Lately we've been cleaning up the right-side wing molds. We're pretty much done with that, and have got them about ready to go. The next thing on that front is to mark and scribe the mold surfaces for the flap/aileron separations and hinge lines. And then I'll make locators for the hinges and spars and stuff.

One interesting thing I've allowed myself to start work on is the landing gear idler and uplock arm. This little wiggly bit goes inside the right side gear well box just behind the pilot's right elbow. It has two purposes: it embodies the uplock that keeps the gear retracted at 1g+ conditions, and it translates the motion of the gear retraction system inboard from sta.R.9.5" where the gear handle is to sta.R.5.3" where the drive arm is.

This little bit is what most differentiates the landing gear retraction mechanism of the HP-24 from that of the HP-18. While the HP-18 system is the very soul of simplicity, it also leaves something to be desired in terms of smoothness, ergonomics, and uplock power. It's pretty common for legacy HP ships to let the gear poke out of the gear doors in 1g+ flight, such as perhaps a 60-degree bank in a tight thermal.
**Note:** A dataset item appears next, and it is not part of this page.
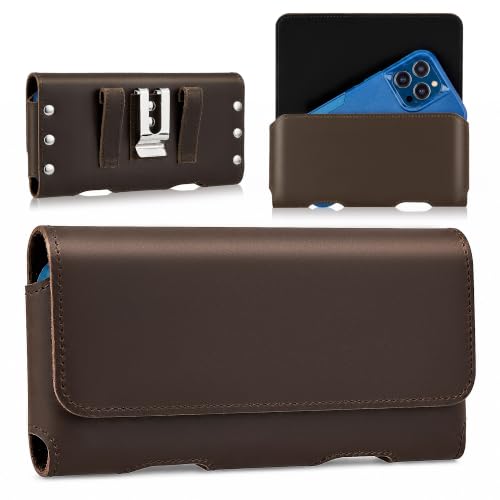 Gcepls Genuine Leather Phone Holster with Heavy Duty Metal Belt Clip & Magnetic Closure Compatible with iPhone 17/16/15/14/13/12 Pro,Galaxy S26/S25/S24/S23/S22/S21/S20 M-OliveGreen - color: Olive Green, size: Medium (6.3x3.35x0.7”)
Also, in the HP-18 the gear handle goes forward for down-and-locked, which somehwhat violates the model of pushing controls forward when you want to go fast, and pulling them back when you want to slow down and land.

In the landing gear system I have sketched out, the pilot has a pivoting handle on the right side armrest rail. The lever pivots through about 90 degrees. In the up-and-locked position, the lever stands straight up, placing its round black knob well within the pilot's peripheral vision. In the down-and-locked position, the lever points straight back, and is slightly recessed into a trench in the armrest rail. The lever is locally locked into the up and down positions by a pin on the outboard face of the lever that engages holes in the side of the cockpit wall. The pilot unlocks the lever by pulling it inboard to move it between the up and down positions.

The control lever drives a longitudinal push-pull tube that drives the idler and uplock arm. The idler and uplock arm drives another push-pull tube that drives the landing gear at its aft pivot. The pivot that joins the idler and the final drive PP tube incorporates an over-center uplock that is geometrically similar to the main downlock incorporated in the landing gear legs.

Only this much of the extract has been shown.